Through all of this his days at Bradley have been inconsistent, never having a safe day more than two days in a row. He also has become less able to sleep at night. There have been nights when he didn’t fall asleep at all. At first, we tried to convince him to sleep, we tried to get him to take melatonin, he was prescribed something that should have helped him to sleep, but most days he refused the medication. We finally gave up the fight to get him to sleep and went to get our sleep so we could wake up in the morning and go to work.

The evenings have been stressful, never knowing if something would set him off making him become violent. Anyone who has spent time with him knows how tiny he is in comparison to kids his own age, but the strength he has when angry is incredible. He has actually pushed me, in a chair, across the room. If you know me, you know I am not a little woman.

Peter’s youngest and her two kids came for Thanksgiving weekend and Ethan was so happy to have his cousins here, but he was on and off with his mood, again, we were unsure what he was going to be like their visit. The day after Thanksgiving, he ended up getting angry over a game the kids were playing.
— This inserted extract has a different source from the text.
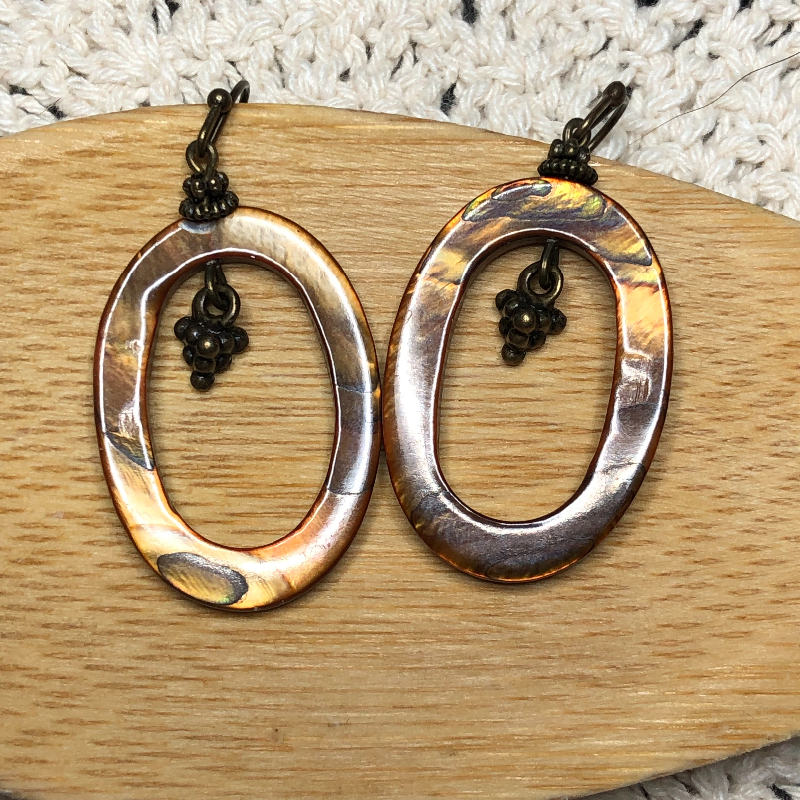 oval shell earrings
The next thing we knew, he was again violent and so angry he couldn’t settle himself and nothing we did helped. The powerlessness a parent feels at times like this are unsettling. You know your child is not in control of himself and there is nothing you can do. In the end, Peter took him for a ride in the car in the hopes that would help. It did not and he decided to take Ethan to the hospital.
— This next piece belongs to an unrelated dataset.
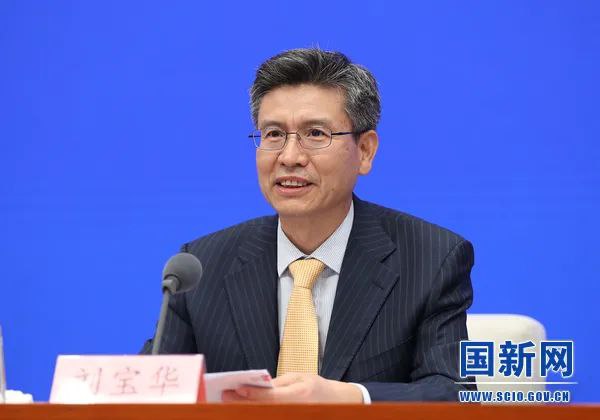 12. 裸退10年的武汉原常务副市长袁善腊被查  曾被兰世立举报今年68岁的袁善腊，曾执掌武汉市东湖新技术开发区十多年，2000年开始担任武汉副市长，2005年晋升武汉市委常委、市政府常务副市长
At the hospital, they decided he was no longer safe to return home and they would be holding him there until there was a room at Hasbro. It was 24 hours on the dot they released him to Hasbro, that was 11 pm Saturday night. I drove there and spent that night at Hasbro. They informed us Sunday morning we would be waiting for a space at Bradley, he would be admitted to their inpatient program.

They call it camping out when you are waiting for a room at Bradley while at Hasbro. We camped until Tuesday afternoon when a space opened up at Bradley. That afternoon, I drove over to Bradley, he went in an ambulance. They admitted him after I filled out a ton of paperwork. I had to walk away from there without my little one knowing he had never been away from us more than a night. I had to walk away not knowing when they would decide he could come home. I had to walk away not knowing much of anything except I could come back Wednesday to see him.

I will not go into everything that has occured while he has been there, I will say there have been moments when he cries almost the entire visit asking me when he is coming home, asking me why I put him there, why I can’t take him home if he promises to be good. How do you explain mental illness to a six-year-old? How do you tell him he is good, but until they figure out his medication, he is unsafe to be home? How do you walk away without crying in front of him because your heart breaks every time? We also have fabulous visits, we put together legos and play with what we made and eat the snacks I bring, “mommy, please bring me donuts and a rice krispie treat and a water.”

Peter and I have been going at separate times to see him so he has more than one visit a day. Little Peter can only handle going every few days, every time he has gone to see him he comes home and ends up crying in my lap for a while because he is so worried about his little brother and just wants him to come home. I try to explain to him they are trying to help Ethan not be so angry, but all he wants is for Ethan to be home.

We all know in our heads this is what he needs so he can work toward being safe at home, but our hearts miss him terribly and wish he were home.

I am putting this out there because we have to stop hiding mental illness. I am putting this out there because we have to stop being embarrassed because we are mentally ill. I am putting this out there because mental illness is real. I am putting this out there because mental illness is no different than any other disease. I am putting this out there not for sympathy, we will however accept any and all positive thoughts, prayers, reiki, whatever you got. I am putting this out there because the face of mental illness is sometimes that of a beautiful six year old child.